How AI Agents Work
Planner, Tools, Memory, and the ReAct Loop
AI agents are software systems that do more than generate one response. They can break a goal into steps, use outside tools, store useful information, and update their next action based on results. This matters because many real tasks, such as scheduling, coding, research, and robotics, require a loop of thinking, acting, and checking rather than a single answer.
A typical AI agent starts with an input goal, builds a plan, chooses tools, performs actions, reads feedback, and revises its next step. Memory helps the agent keep track of past interactions, important facts, and intermediate results across the task. Reasoning helps it compare options and detect errors, while the action loop lets it continue until it reaches a stopping condition such as success, timeout, or human approval.
Key Facts
- Agent loop: observe -> plan -> act -> evaluate -> repeat
- A planner decomposes a goal G into subgoals {g1, g2, g3, ...}
- Tool use extends capability: output = model(input, tool_results, memory)
- Working memory stores short term state, while long term memory stores reusable facts and past outcomes
- A simple score for choosing an action can be written as U(a) = expected benefit - expected cost
- The loop ends when goal_reached = true, max_steps reached, or confidence drops below a safety threshold
Vocabulary
- AI agent
- An AI agent is a system that can perceive information, make decisions, and take actions to pursue a goal.
- Planner
- A planner is the part of an agent that breaks a large task into ordered steps or subgoals.
- Tool use
- Tool use means the agent calls external resources such as calculators, search systems, databases, or code runners to get results.
- Working memory
- Working memory is the short term information the agent keeps active during the current task.
- Feedback loop
- A feedback loop is the cycle in which the agent checks the result of an action and uses that result to decide the next step.
Common Mistakes to Avoid
- Thinking the model alone is the whole agent, which is wrong because an agent usually includes planning, memory, tool access, and control logic around the model.

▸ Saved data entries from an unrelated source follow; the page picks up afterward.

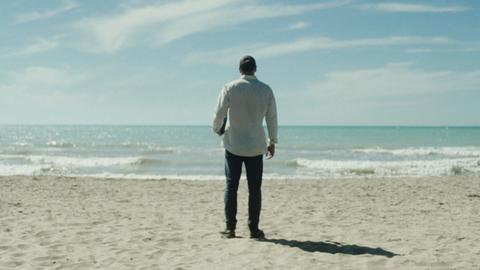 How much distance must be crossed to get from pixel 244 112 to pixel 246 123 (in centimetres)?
12

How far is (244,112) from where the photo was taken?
528cm

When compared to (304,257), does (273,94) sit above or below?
above

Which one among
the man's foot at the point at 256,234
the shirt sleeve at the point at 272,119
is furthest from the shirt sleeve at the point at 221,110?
the man's foot at the point at 256,234

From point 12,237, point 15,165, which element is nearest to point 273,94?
point 12,237

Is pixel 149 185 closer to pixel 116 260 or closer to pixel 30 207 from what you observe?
pixel 30 207

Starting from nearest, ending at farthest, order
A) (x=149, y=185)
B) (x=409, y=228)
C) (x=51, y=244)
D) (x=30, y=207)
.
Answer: (x=51, y=244) → (x=409, y=228) → (x=30, y=207) → (x=149, y=185)

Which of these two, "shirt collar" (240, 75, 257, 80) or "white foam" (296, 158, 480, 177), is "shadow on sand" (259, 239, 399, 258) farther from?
"white foam" (296, 158, 480, 177)

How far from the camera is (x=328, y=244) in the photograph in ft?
17.8

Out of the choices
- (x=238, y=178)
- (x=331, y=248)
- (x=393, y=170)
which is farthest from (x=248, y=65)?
(x=393, y=170)

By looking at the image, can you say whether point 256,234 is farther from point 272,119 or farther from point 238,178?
point 272,119

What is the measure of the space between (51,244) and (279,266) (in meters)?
2.49

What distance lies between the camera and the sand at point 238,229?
4.66 m

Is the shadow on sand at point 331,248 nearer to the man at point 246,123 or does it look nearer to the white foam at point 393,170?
the man at point 246,123

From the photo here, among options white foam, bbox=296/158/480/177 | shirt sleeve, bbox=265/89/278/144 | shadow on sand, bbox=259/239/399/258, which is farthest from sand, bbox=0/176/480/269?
white foam, bbox=296/158/480/177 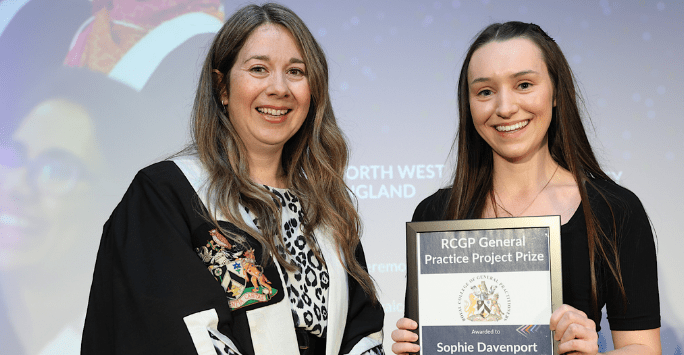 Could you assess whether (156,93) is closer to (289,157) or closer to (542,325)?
(289,157)

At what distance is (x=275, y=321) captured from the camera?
171 centimetres

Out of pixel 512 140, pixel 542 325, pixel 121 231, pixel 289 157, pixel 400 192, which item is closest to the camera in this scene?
pixel 542 325

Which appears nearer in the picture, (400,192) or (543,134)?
(543,134)

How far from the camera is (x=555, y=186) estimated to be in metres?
1.87

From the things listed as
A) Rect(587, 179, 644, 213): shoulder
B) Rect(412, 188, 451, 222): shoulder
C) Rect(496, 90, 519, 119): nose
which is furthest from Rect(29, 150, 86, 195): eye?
Rect(587, 179, 644, 213): shoulder

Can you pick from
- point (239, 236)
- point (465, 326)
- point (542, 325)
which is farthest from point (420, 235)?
point (239, 236)

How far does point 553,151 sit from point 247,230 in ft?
3.24

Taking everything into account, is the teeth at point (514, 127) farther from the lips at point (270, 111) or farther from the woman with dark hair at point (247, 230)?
the lips at point (270, 111)

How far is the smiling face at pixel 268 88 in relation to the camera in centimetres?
189

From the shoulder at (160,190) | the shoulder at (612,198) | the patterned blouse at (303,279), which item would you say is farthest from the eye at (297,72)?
the shoulder at (612,198)

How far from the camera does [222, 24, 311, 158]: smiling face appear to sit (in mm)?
1893

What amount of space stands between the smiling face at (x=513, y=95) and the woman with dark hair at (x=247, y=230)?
0.53m

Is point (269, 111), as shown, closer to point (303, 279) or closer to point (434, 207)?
point (303, 279)

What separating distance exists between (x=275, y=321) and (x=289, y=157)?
0.66 meters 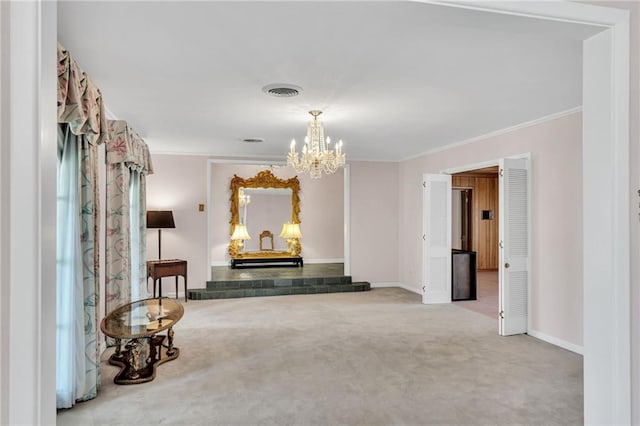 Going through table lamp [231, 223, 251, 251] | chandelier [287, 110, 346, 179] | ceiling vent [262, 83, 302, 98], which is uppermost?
ceiling vent [262, 83, 302, 98]

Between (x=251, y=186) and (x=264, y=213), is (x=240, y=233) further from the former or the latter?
(x=251, y=186)

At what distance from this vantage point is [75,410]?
2916 mm

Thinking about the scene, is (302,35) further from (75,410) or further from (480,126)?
(480,126)

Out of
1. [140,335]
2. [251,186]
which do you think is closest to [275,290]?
[251,186]

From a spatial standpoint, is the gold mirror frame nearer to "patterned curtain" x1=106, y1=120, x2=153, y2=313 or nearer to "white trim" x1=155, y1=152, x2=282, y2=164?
"white trim" x1=155, y1=152, x2=282, y2=164

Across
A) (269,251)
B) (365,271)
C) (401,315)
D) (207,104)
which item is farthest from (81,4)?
(269,251)

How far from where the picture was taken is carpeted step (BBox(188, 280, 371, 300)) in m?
6.88

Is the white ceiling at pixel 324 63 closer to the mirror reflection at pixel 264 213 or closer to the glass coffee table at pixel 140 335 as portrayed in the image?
the glass coffee table at pixel 140 335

- Assuming memory means perfect recall, which is wrong because stored information can be incomplete, outdated, or retrieved at the wrong time.
- Using tools without verification, which is wrong because tool outputs can contain errors or irrelevant data that should be checked before the next action.
- Treating the first plan as fixed, which is wrong because effective agents revise plans when feedback shows failure, new constraints, or better options.
Practice Questions
- 1 An agent has a goal that it breaks into 4 subgoals. Each subgoal requires 3 tool calls and 1 evaluation step. How many total tool calls and evaluation steps are needed if all subgoals are completed once?
- 2 A memory system stores 12 facts from earlier tasks. During a new task, the agent retrieves 5 facts, but 2 are irrelevant. What fraction and percentage of the retrieved facts are useful?
- 3 Explain why an agent that can use tools but has no memory may perform worse on a multi step task than an agent with both tools and memory.